We entered the last reporting season in August 2018 with a high degree of optimism. That optimism was very short-lived as markets experienced a sharp sell-off in August, with actual results falling short of previous forecasts. Subsequently, news headlines have kept investors in a pessimistic mood, examples being the ongoing Brexit uncertainty and the ever-present threat of global trade wars.
What can we look forward to, or not, in the upcoming reporting season, bearing in mind that most companies will only be reporting their half year results.
Investors will be looking for the half time corporate score card and how that relates to previous guidance. Instant market favourites are likely to be those companies that deliver above guidance and reinforce that trend in the second half. Market pariahs are likely to emerge amongst companies that under-deliver on expectations. A miss on expectations is likely to undermine the markets faith in an underperforming company’s guidance and lead to a swift and negative price reaction for those falling short.
So let’s have a look at the numbers as they stand now.
In terms of valuations, the market’s price-to-earnings (P/E) multiple has dropped to 14x from its recent peak in August 2018. Either this means the market is a relative ‘bargain’ and a subdued earnings season could actually draw a line in the sand from which the market could drift higher. Or, and this could be a big OR, the earnings part of the P/E equation is too high and a poor set of earnings season results will be the catalyst for downward earnings revisions. This, in turn, will put pressure on share prices.
On the economic front, macro conditions appear to be stabilizing having recently being part of the volatility ‘problem’.
In relation to the S&P/ASX200, the ‘top end of town’, downside risk to the upcoming reporting season dominates. J.P. Morgan estimates that stocks in this universe with downside risk has risen from 17% leading in to the August 2018 reporting season to nearly 29% heading in to this reporting season. A worrying trend if realised. This compares with only approximately 24% of companies having expected upside risk.

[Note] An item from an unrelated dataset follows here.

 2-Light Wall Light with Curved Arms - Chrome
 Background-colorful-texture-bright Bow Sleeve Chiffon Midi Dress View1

The same holds true for the Emerging Companies where only a select few are expected meet or exceed market expectations and at the same time provide a solid outlook as the significant de-rating of many stocks within this group continues. Merger and Acquisition activity within this group may keep any price declines in check as perceived value emerges.
As it should be, investors will be bringing a renewed focus to those high quality businesses with strong cash flows and certainty of earnings. Fundamentals will start to re-exert their dominance and companies who have been supported by unrealistic inflation and growth expectations will lag.
Upcoming Bank and Financial Services company earnings will clearly be overshadowed by the Royal Commission findings, which ironically may provide some certainty.
The Resource sector outlook is mixed, but those with strong balance sheets (most) and robust cash flow will be well supported by investors. Consumer Staples are likely to deliver defensive earnings outcomes this reporting season.
However, the ‘elephant in the room’ event for markets in post reporting season 2019 will be the Federal election and to a lesser extent, the NSW state election. These events will be on investors’ minds as they assess the earnings results. There will be concerns around some possible policy changes like Capital Gains Tax (CGT) discount, negative gearing and franking credit refunds. That said, it is likely that the election results, if conclusive (i.e. a majority) will bring more certainty through stability. Political stability allows companies to make decisions and invest with certainty for the future.
Based on the trend of results from the upcoming earnings season, 2019 could be a better year for investment returns in the Australian share market. Attractive valuations, solid and maintainable dividend yields, strong balance sheets and a returned focus to quality, cash flows and fundamentals should provide investors with the tools and opportunity for improved returns. Let’s hope so!